I agree with all of this in essence, but I have some important disagreements. I don’t think that “reinforcing the more abstract ideas of independence and responsibility” is always accomplished by means of having a concrete connection between cause and effect in every instance. I guess I’d summarize my position as: “Use extrinsic motivators temporarily, for long-range skills and habits, and never as a default.”
First, I think rewards are appropriate to encourage effort at gaining new skills, especially skills that are much more easily acquired when young like swimming or riding a bike. Kids can not and do not think long-range at birth, and they don’t know that their effort will pay off in the end. They need to learn this.
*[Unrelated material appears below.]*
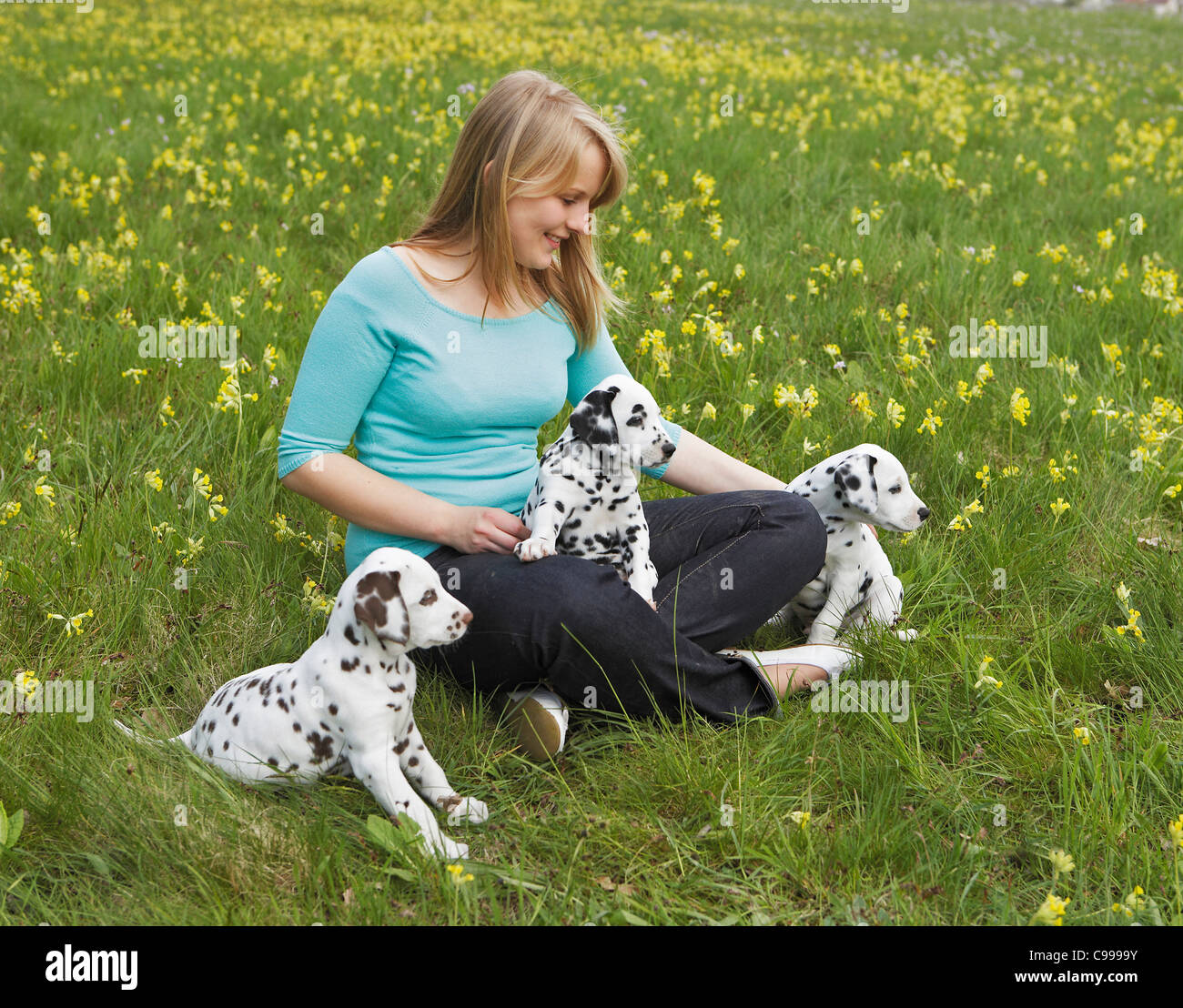 young woman Dalmatian dog puppies meadow Stock Photo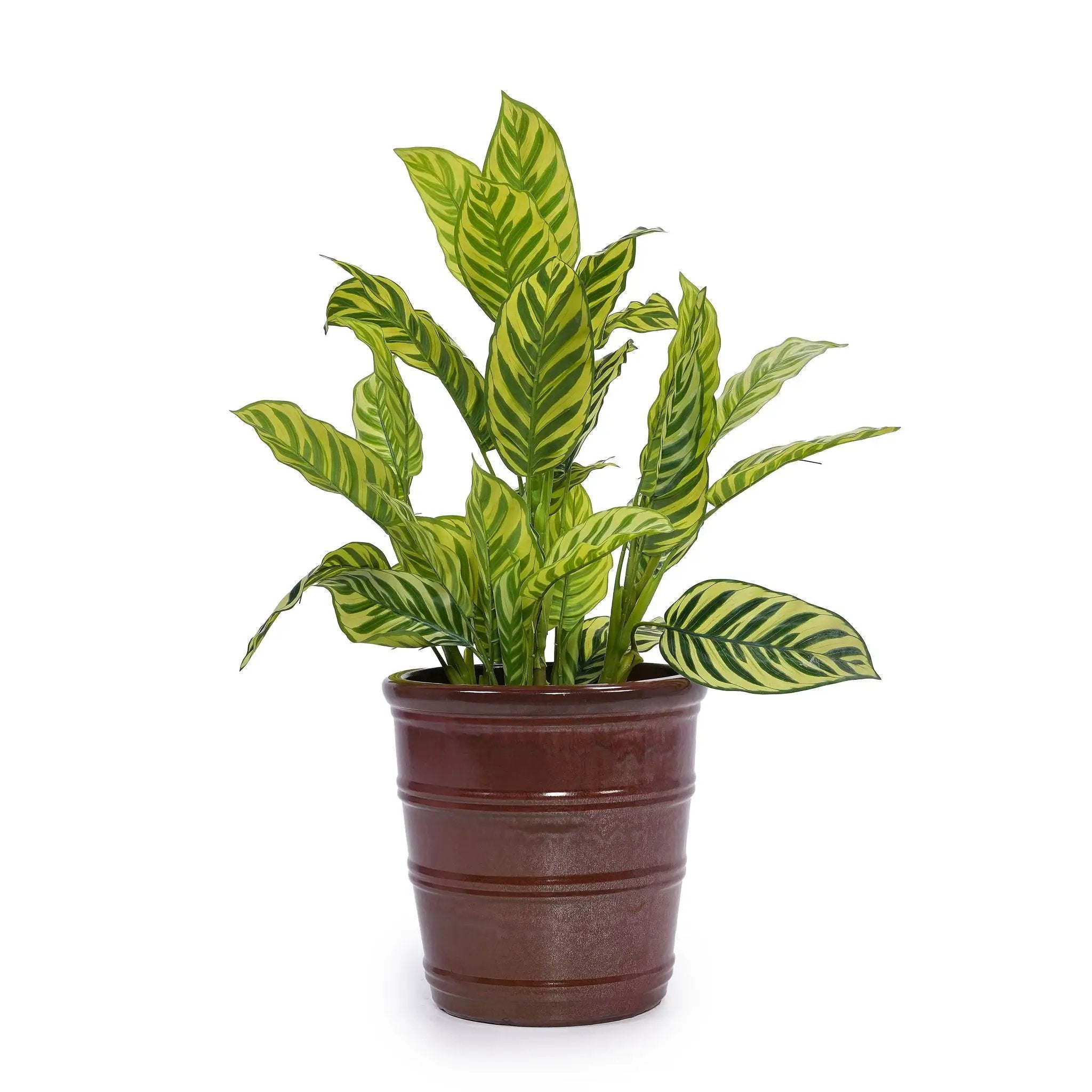 3 Pieces Flowerpot, Planter For Patio, Garden Or Windowsills by Unique Piece Furniture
Getting them to put forth effort for a totally arbitrary short-range reward is a great way to get them started, if they are not so inclined. I’m not willing to let my daughter suffer the natural consequences of not learning to swim or ride a bike without trying rewards to get her started.
I think that it is a parent’s job to teach a child how important it is to put effort into long-range activities and skills, where the natural consequence will not be achieved quickly. How can children learn this except by being “tricked” into doing it a few times? You can push your children with negative, arbitrary punishments (”practice piano for an hour a day or you’ll be grounded”) or with positive, arbitrary rewards (”practice piano consistently for a month and we’ll take you out to the restaurant of your choice”). I think the positive way is much better. But if you leave it to them entirely, I don’t see how children could be expected to foresee the wonderful effects of such persistence before they have any experience. I don’t think it takes much of this kind of rewarding, but I do think it takes some. In the piano example, I would imagine a month might even be too long. Once the child learns one song, they have a data-point to understand that continuing to practice will bring more and more value. My point is that it is ok, and even necessary, for children to do things for which they have no independent, intrinsic motivation. In other words, in some cases:
The child will only learn the rewards of virtue after practicing that virtue, in action, and seeing the positive results firsthand.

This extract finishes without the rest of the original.